-- TASK INPUT --
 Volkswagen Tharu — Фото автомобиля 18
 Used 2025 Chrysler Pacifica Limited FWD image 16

==

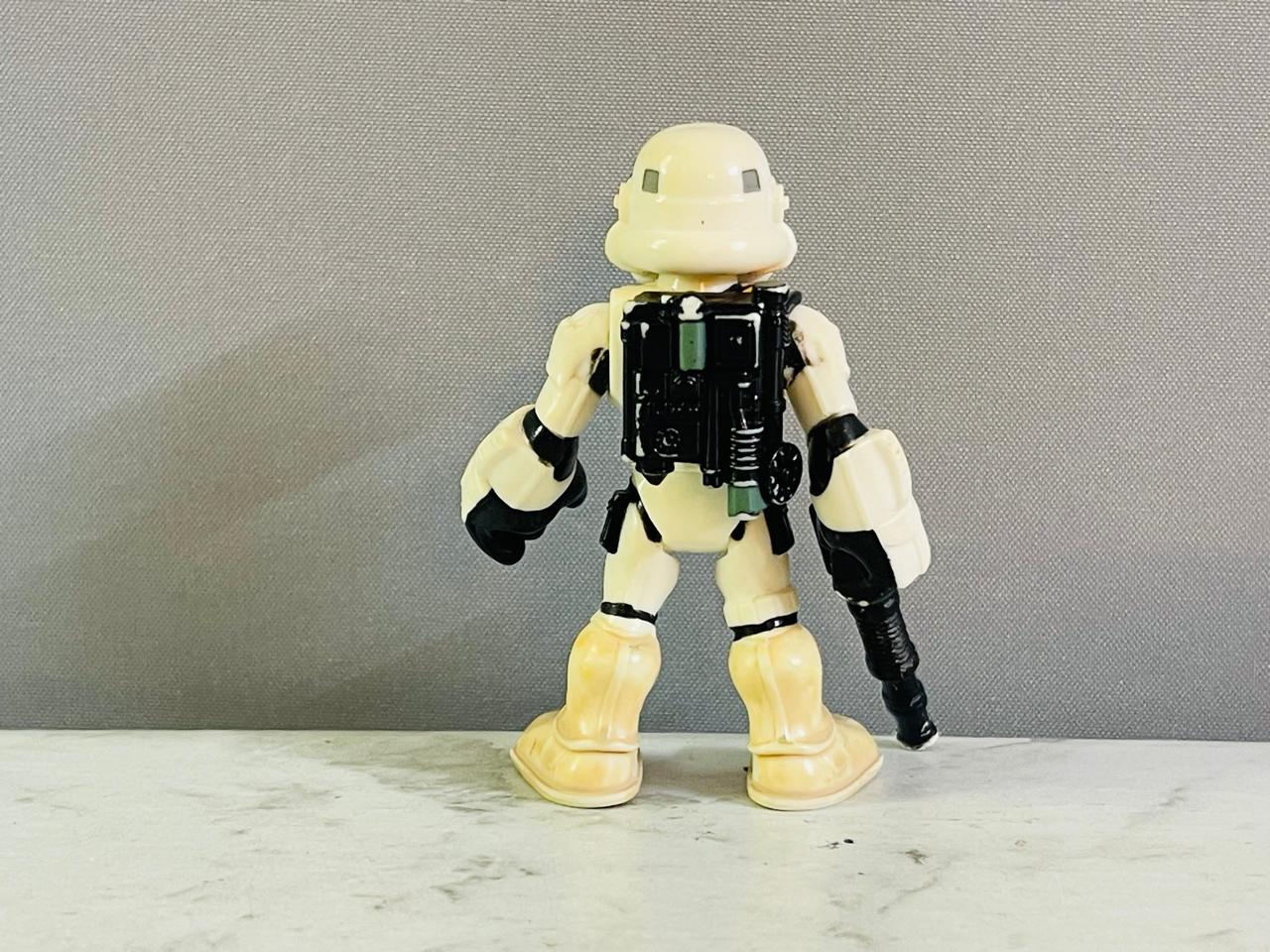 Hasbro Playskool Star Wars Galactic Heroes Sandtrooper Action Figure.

-- TO DO --
Only the lines above from the one with "Volkswagen Tharu — Фото автомобиля 18" up to and including the one with "Used 2025 Chrysler" should be repeated, exactly as written.

-- ANSWER FOR THIS EXERCISE --
 Volkswagen Tharu — Фото автомобиля 18
 Used 2025 Chrysler Pacifica Limited FWD image 16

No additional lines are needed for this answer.